Subject: Re: Proposal: File system suspension - prerequisite for snapshots
To: None <tech-kern@netbsd.org>
From: Juergen Hannken-Illjes <hannken@eis.cs.tu-bs.de>
List: tech-kern
Date: 08/13/2003 23:30:19
On Wed, Aug 13, 2003 at 12:02:01PM -0700, Bill Studenmund wrote:
> On Tue, 12 Aug 2003, Juergen Hannken-Illjes wrote:
>
> > I propose the support for file system suspension from FreeBSD.
> >
> > The (quite simple) API:
> >
> > int
> > vfs_write_suspend(struct mount *mp)
> >
> > Request a mounted file system to suspend write operations
> > and leave it in a clean on-disk state. All operations are
> > complete on exit.
> >
> > void
> > vfs_write_resume(struct mount *mp)
> >
> > Request a suspended file system to resume write operations.
> >
> > This is a needed prerequisite for file system snapshots. It may also
> > help in system suspension. File system snapshots would give us at least
> > safe dumps from running systems and background fsck (with softdep enabled
> > file systems).
> >
> > The implementation would gate most file system syscalls like this:
> >
> > if ((error = vn_start_write(vp, &mp, V_WAIT | PCATCH)) != 0)
> > return (error);
> > do_the_write_operation
> > vn_finished_write(mp);
> >
> > or
> >
> > restart:
> > prepare_a_write_operation
> > if (vn_start_write(nd.ni_dvp, &mp, V_NOWAIT) != 0) {
> > abort_current_preparation
> > if ((error = vn_start_write(NULL, &mp, V_XSLEEP | PCATCH)) != 0)
> > return (error);
> > goto restart;
> > }
> > do_the_write_operation
> > vn_finished_write(mp);
> >
> > Doing it this way guarantees that no operation sleeps with locked vnodes.
>
> Note: don't you end up calling vn_start_write() _after_ you've been told
> it's ok to start? :-) If you _want_ that to be part of the interface, we
> need to document it. For one, it prevents a simple reference counting
> mechanism to determine if writes are in progress.

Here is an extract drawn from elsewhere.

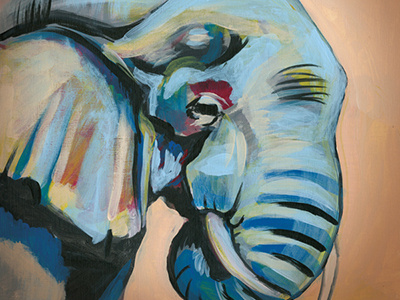 Elephant canvas illustration painting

vn_start_write(..., V_NOWAIT) will return zero on success. If the result
is non-zero it means it's NOT ok to start. So we have to abort and wait
until it is ok (the second vn_start_write(..., V_XSLEEP | PCATCH)) and
restart the syscall.
> > It is not possible to put this gating into the VFS_ calls as they are often
> > called with locked vnodes and the suspend request may deadlock.
> > For the same reason this gating cannot reside below the VFS_ level.
>
> I think I don't like it, but I believe you're right that there are issues
> with doing it at the VOP level with the locked vnodes. i.e. this way may
> well be the best in the long run, even if I don't like it. :-)
>
> Note: you _can_ do it at the VOP_level, it would just mean having a
> routine or routines that would unlock the node, sleep, then re-lock and
> move on. But it's probably cleaner to do as you suggest and just make sure
> it's ok to do the write before starting it.
>
> Take care,
>
> Bill
--
Juergen Hannken-Illjes - hannken@eis.cs.tu-bs.de - TU Braunschweig (Germany)